My name is Bob Berman. I remember very well when my friendship with Steve really began. I started trying to earn a living down in the Hall of Justice in 1973 or 1974, and I became acquainted with Steve as just one of the wonderful cast of characters that worked down there. But we weren't especially friendly. In 1975 I took a job at the public defender's office, and one afternoon that year I was at my desk, which was just one of many desks in this large ugly room. And Steve walked in. He was obviously done with whatever he had to do that day and was just looking for someone to have a talk with.
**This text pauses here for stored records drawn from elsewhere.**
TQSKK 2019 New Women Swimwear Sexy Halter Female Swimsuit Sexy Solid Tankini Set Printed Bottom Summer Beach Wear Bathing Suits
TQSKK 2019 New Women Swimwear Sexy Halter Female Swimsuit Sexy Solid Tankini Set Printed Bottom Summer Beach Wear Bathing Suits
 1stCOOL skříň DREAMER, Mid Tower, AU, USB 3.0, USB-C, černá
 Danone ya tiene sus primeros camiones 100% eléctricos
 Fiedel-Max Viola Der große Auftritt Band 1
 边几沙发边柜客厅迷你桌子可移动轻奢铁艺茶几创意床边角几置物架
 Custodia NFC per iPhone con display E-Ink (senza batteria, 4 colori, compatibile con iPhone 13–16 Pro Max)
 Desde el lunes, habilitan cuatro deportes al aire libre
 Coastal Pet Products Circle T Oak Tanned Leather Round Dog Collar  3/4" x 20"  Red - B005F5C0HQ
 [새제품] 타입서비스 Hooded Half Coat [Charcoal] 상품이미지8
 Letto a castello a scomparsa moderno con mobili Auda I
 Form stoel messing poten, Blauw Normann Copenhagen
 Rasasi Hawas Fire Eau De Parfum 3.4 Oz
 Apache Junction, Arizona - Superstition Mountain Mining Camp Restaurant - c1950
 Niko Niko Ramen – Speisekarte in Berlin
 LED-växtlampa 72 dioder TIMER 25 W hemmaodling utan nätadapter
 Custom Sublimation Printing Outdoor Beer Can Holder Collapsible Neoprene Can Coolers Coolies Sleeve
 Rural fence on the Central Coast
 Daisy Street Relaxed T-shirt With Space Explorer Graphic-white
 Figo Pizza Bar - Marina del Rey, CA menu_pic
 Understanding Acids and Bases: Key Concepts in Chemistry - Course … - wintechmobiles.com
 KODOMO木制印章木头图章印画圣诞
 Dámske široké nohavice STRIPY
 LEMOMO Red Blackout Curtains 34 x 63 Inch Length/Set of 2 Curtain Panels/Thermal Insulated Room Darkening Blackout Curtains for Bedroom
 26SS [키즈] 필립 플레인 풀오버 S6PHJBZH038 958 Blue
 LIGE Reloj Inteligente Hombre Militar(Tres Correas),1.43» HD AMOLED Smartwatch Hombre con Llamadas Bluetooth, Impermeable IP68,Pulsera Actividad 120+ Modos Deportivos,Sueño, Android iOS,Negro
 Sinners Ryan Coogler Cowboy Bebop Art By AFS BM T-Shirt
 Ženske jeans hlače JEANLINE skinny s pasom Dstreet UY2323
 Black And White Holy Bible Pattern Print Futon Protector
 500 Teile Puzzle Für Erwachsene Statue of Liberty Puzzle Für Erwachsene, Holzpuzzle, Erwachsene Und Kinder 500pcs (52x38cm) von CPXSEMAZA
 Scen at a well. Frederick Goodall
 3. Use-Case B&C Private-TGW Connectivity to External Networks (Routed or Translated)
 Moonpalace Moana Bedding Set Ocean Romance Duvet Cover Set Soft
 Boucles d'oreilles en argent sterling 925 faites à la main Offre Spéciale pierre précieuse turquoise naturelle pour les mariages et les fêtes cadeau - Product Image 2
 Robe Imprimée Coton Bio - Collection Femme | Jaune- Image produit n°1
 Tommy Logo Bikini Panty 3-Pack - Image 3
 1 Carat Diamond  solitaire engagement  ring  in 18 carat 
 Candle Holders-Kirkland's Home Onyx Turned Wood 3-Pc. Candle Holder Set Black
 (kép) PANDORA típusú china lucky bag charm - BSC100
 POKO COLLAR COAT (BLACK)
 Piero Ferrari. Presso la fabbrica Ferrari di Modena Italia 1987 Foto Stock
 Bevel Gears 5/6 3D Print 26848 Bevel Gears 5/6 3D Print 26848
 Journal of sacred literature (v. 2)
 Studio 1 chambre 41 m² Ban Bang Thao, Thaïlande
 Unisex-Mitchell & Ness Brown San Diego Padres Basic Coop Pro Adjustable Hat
So we started talking and at one point he innocently said, "Do you play chess?" I said "Well, as a matter of fact I do."

That was the beginning of a beautiful friendship. Within a week we had started a routine, because everything with Steve ends up as a routine. On Wednesday nights I would go to Steve's apartment; he and Jean would normally have an early dinner; I'd show up after their dinner, and Steve and I would play chess. For hours. Probably for about four hours. And we would play a lot of games, because we would agree the week before what opening we were going to play. So we weren't just playing chess, we were of course learning: learning the openings and learning the variations. And this won't be surprising for me to tell you that Steve was a much better chess player than I was. I don't know if he had a superior intuitive grasp of the game, but he had two very important advantages. One, he was smarter than I was, and when you play chess, there's not a lot of luck involved, so if you are smarter than your opponent then you're going to do well. The other advantage, which was more amazing to me, is he had this incredible memory of chess games we had played - as the years went on, chess games we had played years ago, and positions we were in. Steve would never make the same mistake twice. I would fall into the same stupid opening traps over and over again -- "Oh, I'm in fried liver," you can imagine what being in fried liver is. We would be in the middle of a game, maybe twenty moves in, and I would make a move, and Steve would say, "No Bob, a couple of years ago you tried that move." And he never complained; that's all he'd say; but what he was saying was, "It didn't work two years ago, it's not going to work now."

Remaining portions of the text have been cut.